Type out the whole listing again exactly, pictures omitted.

* _RECORDS TO USE_
Content starts

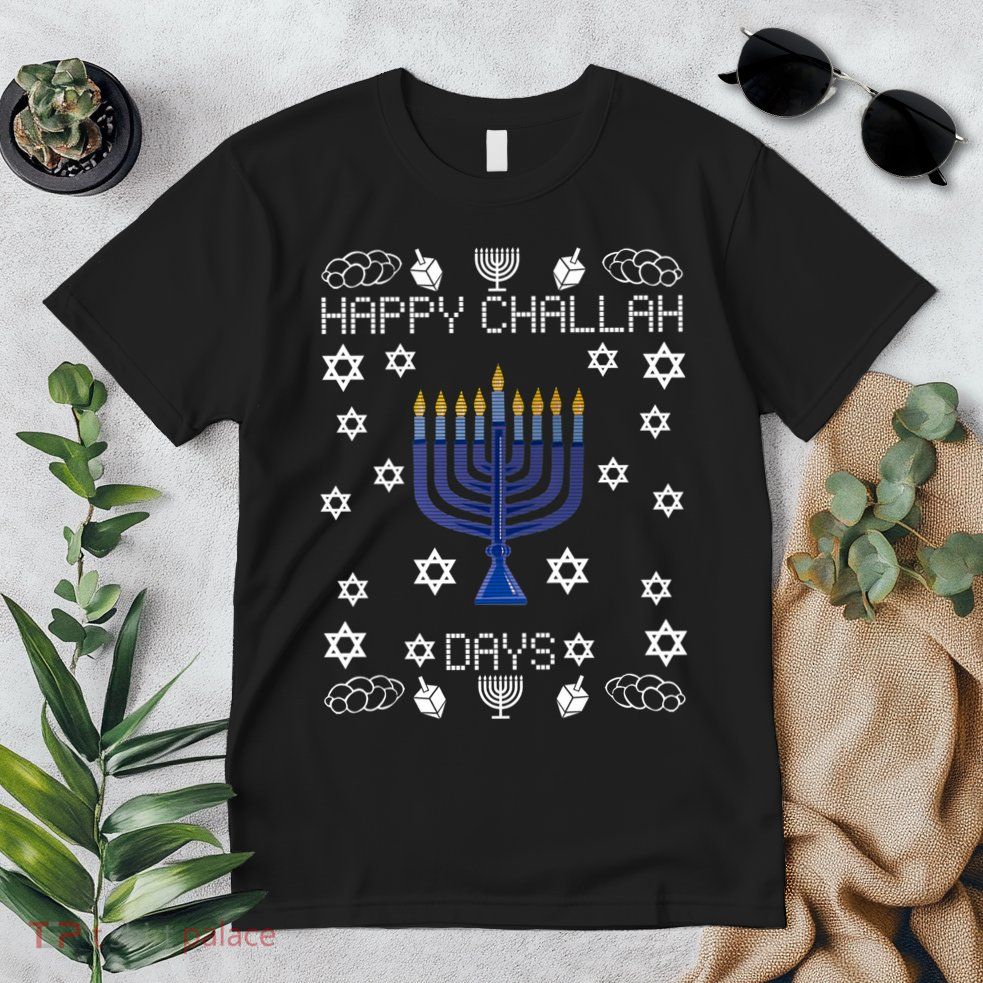 Happy Challah Days Funny Hanukkah Premium T-Shirt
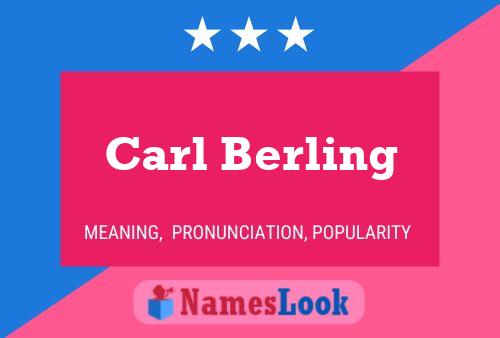 Постер имени Carl Berling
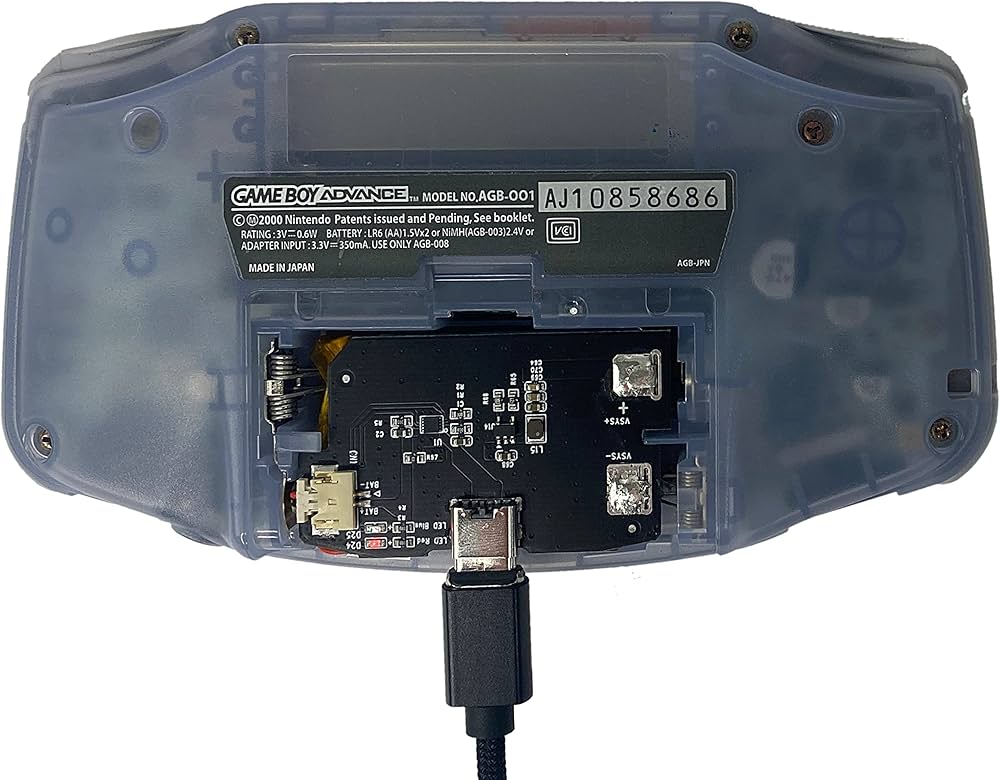 Gameboy Advanced Rechargable Battery Mod - Mail-in Service!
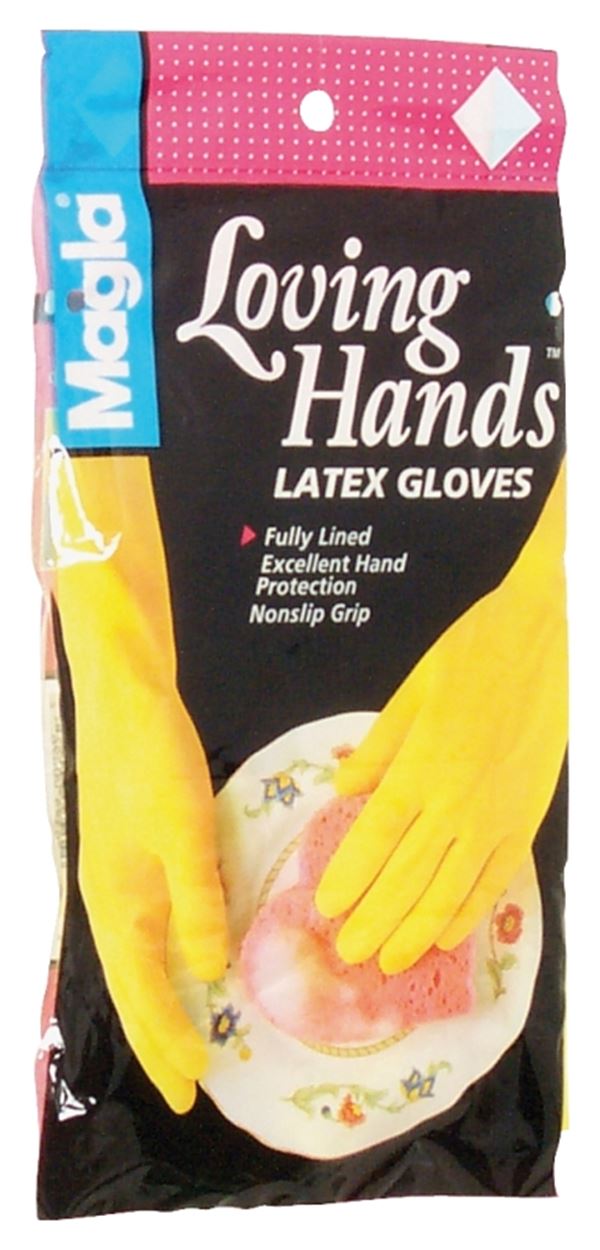 Spontex 69981 Protector Gloves, S, Latex, Yellow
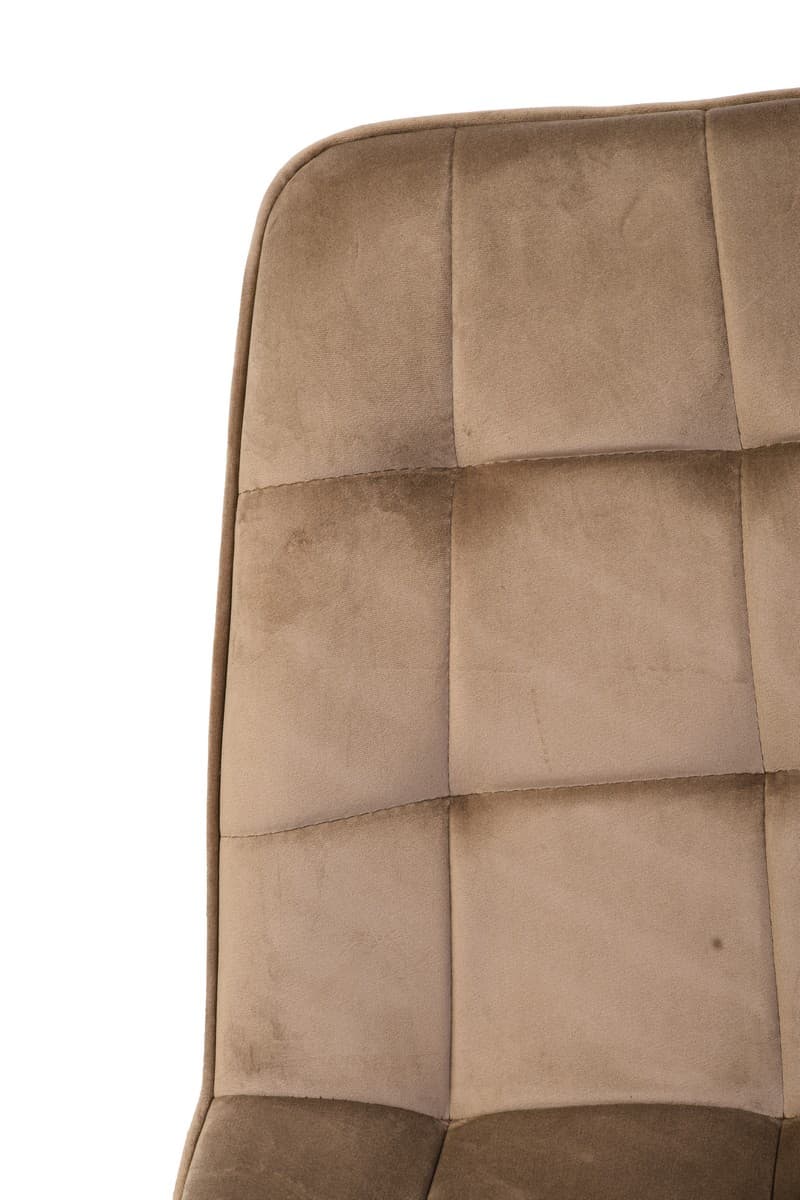 Стілець N-46 капучино велюр + чорний 7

Content ends

* _ANSWER BOX_
 Happy Challah Days Funny Hanukkah Premium T-Shirt
 Постер имени Carl Berling
 Gameboy Advanced Rechargable Battery Mod - Mail-in Service!
 Spontex 69981 Protector Gloves, S, Latex, Yellow
 Стілець N-46 капучино велюр + чорний 7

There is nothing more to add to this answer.